Dernière mise à jour le : 11 avril 2008 

LES PETITS A LA TABLE DES GRANDS

RECETTES CLASSEES 

MANGER LES GOÛTS DU MONDE

Alors que le petit de l'homme apprend juste à manger, pourquoi lui proposer des "recettes d'ailleurs" ? Des saveurs exotiques ou inhabituelles ? Des présentations et des associations sortant de l'ordinaire ? Alors qu'il doit déjà apprendre les bases de l'alimentation d'aujourd'hui et de demain, pourquoi sortir du quotidien, des sentiers battus et de nos frontières ?

Répondre à ces questions, c'est envisager, en partie, le rôle et la place des conduites alimentaires. Manger, en effet, c'est se nourrir; mais pas seulement cela. Certes, l'alimentation joue un rôle primordial dans le maintien de la vie et de la santé; elle permet, notamment chez l'enfant, une croissance et un développement harmonieux. L' amélioration générale de notre état de santé et l'allongement spectaculaire de l'espérance de vie sont liés pour une bonne partie à l'avancée de nos connaissances nutritionnelles et à l'optimisation de l'hygiène et de la qualité de nos aliments.

Mais au-delà de sa fonction strictement nutritive, manger est un acte relationnel et de construction de soi.

En effet, au début de la vie, l'enfant n'est pas en mesure de subvenir seul à ses besoins; aussi, dès la première tétée, la prise alimentaire s'inscrit dans un contexte relationnel. Cela veut dire qu'il y a d'emblée la nécessité de tenir compte de ces aspects affectif et socio-culturel.
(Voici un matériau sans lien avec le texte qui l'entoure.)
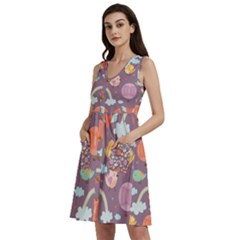 Cute-seamless-pattern-with-doodle-birds-balloons Sleeveless Dress With Pocket by pakminggu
Affectif, car pour tout adulte nourrir le tout-petit est preuve d'affection et de l'attention portée à son bien-être. Affectif aussi pour l'enfant, et cela doublement : toute prise alimentaire est source de sensations, agréables ou désagréables, inscrites dès le départ dans l'organisme ; le plaisir de manger n'a pas besoin d'être appris, même si par la suite les apprentissages font qu'il peut être étendu, raffiné, rendu plus subtil et plus complexe.

Socio-culturel, car l'autre, l'adulte qui donne à manger, est lui-même inscrit dans un groupe social, dans une culture, avec ses connaissances, ses traditions, ses recommandations et ses interdits. Manger consiste ainsi à apprendre les règles de sa culture, les manières de consommer et surtout ce qui est considéré comme consommable ; car la définition même de l'aliment est culturelle : parmi tous les aliments possibles chaque groupe humain choisit et décide ce qui est aliment pour lui.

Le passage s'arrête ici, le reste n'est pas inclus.